Like the old mental game about predicting the future by using a white noise generator hooked up to a bank of video recorders; eventually, amongst the noise, it will also spit out every news report from the future, but there’ll also be an enormous quantity of plausible but fake stories and lots of complete nonsense, and you have no way to tell them apart.
Twelve identical copies of Brad Pitt waterskiing in a giant bowl of soup, and they’re wearing slippers. A semi-naked woman with no legs, covered in dollops of lard that looks rude, and there are two people in a pair of cars - connected with a cloth tube - and overhead a blimp flies past. They have paper coming out of their mouths.
Oh, hang on, I’ve just generated one of the Cremaster films. By pure random chance. Except for the part about Brad Pitt.
That’s how I generate ideas, by the way. I take something slightly silly and extend it into absurdity. And then I apply that template to something inappropriate. For example, the idea of Brad Pitt waterskiing in a giant bowl of soup isn’t particularly funny; but it sets up the rest of the joke, which is a series of seemingly-random observations that actually are from a real creative work, the implication being - in this particular case - pure random chance actually did come up trumps. The more I think about my own writing the more I realise how clever it is, on an unconscious level. Multi-layered, spiralling tubes of intertwined, innovative… internet. Interphase, that was a computer game. But there’s a distinction between something that merely seems complex and something that actually is complex. I mean, complex is complex, but there’s a difference between those drawings that people do when they’re on mescaline and a large-scale artwork where the lines have a purpose beyond simply saying “I can’t stop drawing lines, because I’m on mescaline”.
Yesterday I imagined the camera company Olympus as a lone snow wolf leaping through snowbanks with blood on its snowy mouth, and the humour came from extending this metaphor beyond all sense, so that Olympus had literally become a gore-splattered arctic predator rather than a large international conglomerate, which is what it is. Prowling for profits. I surmise this is how the Monty Python team came up with the Crimson Permanent Assurance short film; they took the idea of corporate raiders and imagined if it was literally true.

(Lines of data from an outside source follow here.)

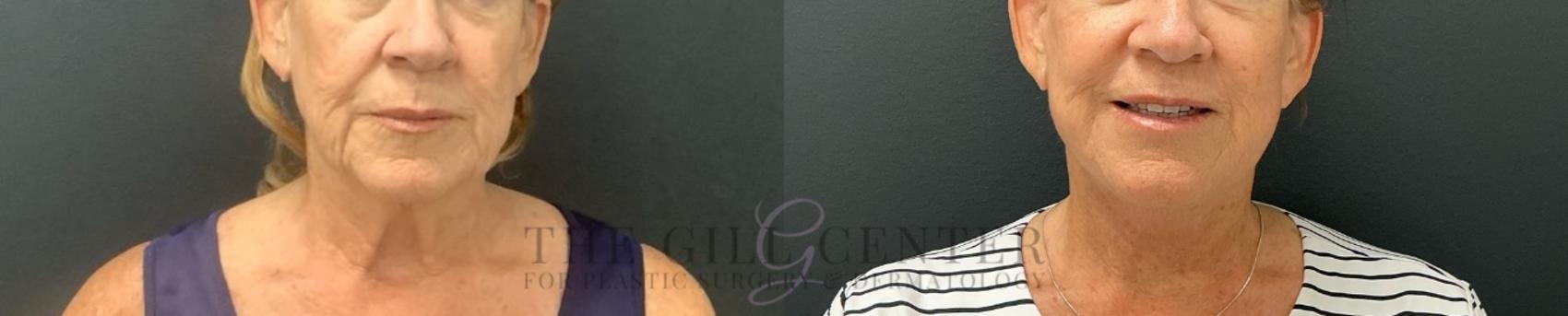Face & Neck Lift Case 717 Before & After Front | The Woodlands, TX | The Gill Center for Plastic Surgery and Dermatology
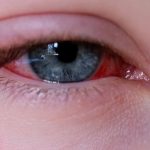 Mayo Clinic Q & A: Seeing clearly: Understanding pink eye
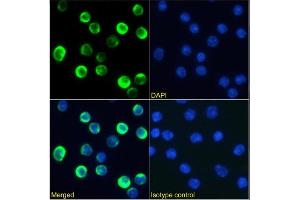 Immunofluorescence staining of mouse splenocytes using anti-CTLA-4 antibody 9D9. (Recombinant CTLA4 抗体)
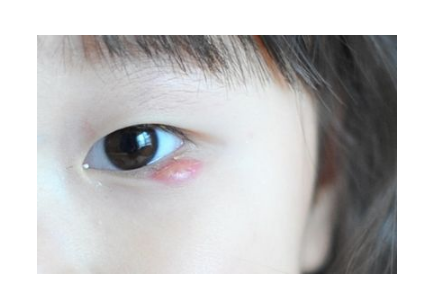 眼睛麦粒肿初期图片图片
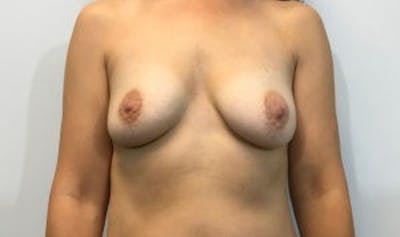 Breast Implant Reconstruction Before & After Gallery - Patient 45391197 - Image 1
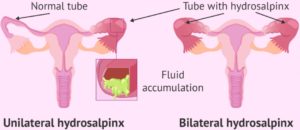 fertility, infertility, fibroid, IVF, Fallopian tube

And of course even if the idea is complex, thought-out, clever, doesn’t mean it’s any good. So, as a creative person - I created five things today - I would say that the trick isn’t so much to generate ideas, but to sift out the few good pearls of gold amongst the rubbish.
And then, you have to actually do something with it. What was it Robert Heinlein said? The first rule of writing - write. The second rule - finish.